STUDY DESIGN/MATERIALS AND METHODS: With an approval from Institutional Animal Care and Use Committee, two 20-25 kg swine underwent laparoscopic abdominal surgery using a Food and Drug Administration-cleared fluorescent laparoscopic system. Images of the liver and gallbladder were taken both before and after intravenous injection of the novel fluorescent dye. The dye was dosed at 60 μg/kg and injected via the ear vein. The amount of time taken to visualize fluorescence in the biliary tract was measured. Fluorescent signal was observed after injection, and target-to-background ratio (TBR) of the biliary tract to surrounding cystic artery and liver parenchyma was measured.
Biliary tract visualization under fluorescent laparoscopy was achieved within 5 min after the dye injection without any adverse effects. Cystic duct and extrahepatic duct were clearly visualized and identified with TBR values of 2.19 and 2.32, respectively, whereas no fluorescent signal was detected in liver. Cystic duct and artery were successfully ligated by an endoscopic clip applier with the visual assistance of highlighted biliary tract images. Laparoscopic cholecystectomy was completed within 30 min in each case without any complications.
BL-760 is a novel preclinical fluorescent dye useful for intraoperative identification and visualization of biliary tract. Such fluorescent dye that is exclusively metabolized by liver and rapidly excreted into biliary tract would be beneficial for all types of hepato-biliary surgeries. With the validation of additional preclinical data, this novel dye has potential to be a valuable tool to prevent any iatrogenic biliary injuries and/or bile leaks during laparoscopic abdominal and liver surgeries.

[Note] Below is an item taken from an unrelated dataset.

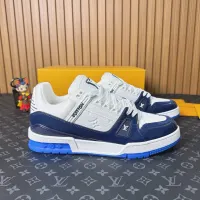 Cheap Louis Vuitton Casual Shoes For Women #1408172 Replica Wholesale [$125.00 USD] [ITEM#1408172] on Replica Louis Vuitton Casual Shoes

腹腔镜胆囊切除术(LC)中胆管损伤的发生率为 1%-2%,常发生于严重炎症、粘连或意外解剖变异的情况下。尽管在手术中识别胆管存在困难和挑战,但外科医生除了术中胆管造影术(IOC)外,没有特定的方法来识别胆管。虽然目前尚无临床应用的胆管特异性荧光染料,但我们团队之前已开发出一种临床前胆管特异性染料 BL-760。在此,我们报告在猪模型中使用这种荧光染料进行 LC 的研究。
研究设计/材料与方法:在机构动物护理和使用委员会的批准下,两只 20-25kg 的猪接受了腹腔镜腹部手术,使用了经美国食品和药物管理局批准的荧光腹腔镜系统。在静脉注射新型荧光染料前后拍摄肝脏和胆囊的图像。该染料以 60μg/kg 的剂量经耳静脉给药。测量观察胆管荧光所需的时间。注射后观察荧光信号,并测量胆管与周围胆囊动脉和肝实质的靶标与背景比(TBR)。
在染料注射后 5 分钟内,荧光腹腔镜下实现了胆管可视化,无任何不良反应。清晰地观察到胆囊管和肝外胆管,并分别测量到 TBR 值为 2.19 和 2.32。而肝组织未检测到荧光信号。在高亮胆管图像的视觉辅助下,使用内镜夹闭器成功结扎了胆囊管和动脉。在每种情况下,LC 均在 30 分钟内完成,无任何并发症。
BL-760 是一种新型临床前荧光染料,可用于术中识别和可视化胆管。这种专门由肝脏代谢并迅速排入胆管的荧光染料,将有益于所有类型的肝胆手术。随着额外临床前数据的验证,这种新型染料有可能成为一种预防腹腔镜腹部和肝脏手术中任何医源性胆管损伤和/或胆漏的有价值工具。